Pants-of-dog wrote:Anyway, I guess we agree that you were wrong when you claimed that Canada, France, and Germany have created an Orwellian surveillance state at the instigation of anti-racism activists.
No, as usual I am right and I post the facts to back it up. The feminist anti-racist extremist blog Huffington Post has published an outline detailing how Canada, Germany and the UK have an Orwellian system of demonizing, targeting and oppressing their own dissident population by labeling them as racist and far left extremists, then engaging in targeting harassment campaigns against them.

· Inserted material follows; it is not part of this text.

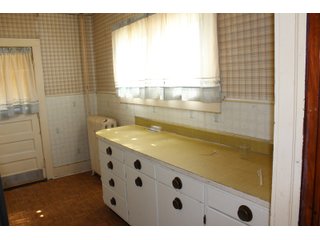 Inside Home on Tract 10 in Wabash County, Indiana - ABSOLUTE REAL ESTATE AUCTION - 20 HOMES, RENTAL PROPERTIES & 19+/- ACRES WITH HOME IN WABASH, WHITLEY & ALLEN COUNTIES, INDIANA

White Supremacy Is A Worldwide Crisis ― And The U.S. Can Learn From Abroad
Germany is probably the country “that’s been doing things the most effectively” when it comes to combating far-right extremism, according to Elizabeth Pearson, a University of Swansea lecturer who researches ways to counter violent extremism.
Given its dark history and evidence of a persistent threat like the assassination this summer of a politician challenging racism against refugees, the country has for decades been home to groups trying to limit the reach of neo-Nazis and their fellow travelers ― and to keep an eye on far-left extremism also responsible for violence within living memory.
Most organizations are focused on grassroots outreach; they aren’t controlled by the central government and instead work with regional administrations, often in areas that local communities or national attention flag as hot spots, Pearson said. Earlier this year, Daniel Koehler of the German Institute on Radicalization and De-radicalization Studies wrote that a “vast” number of local programs try to intervene with people vulnerable to right-wing extremism before they’re radicalized, citing a 2016 study that showed 267 projects are focused on the far-right.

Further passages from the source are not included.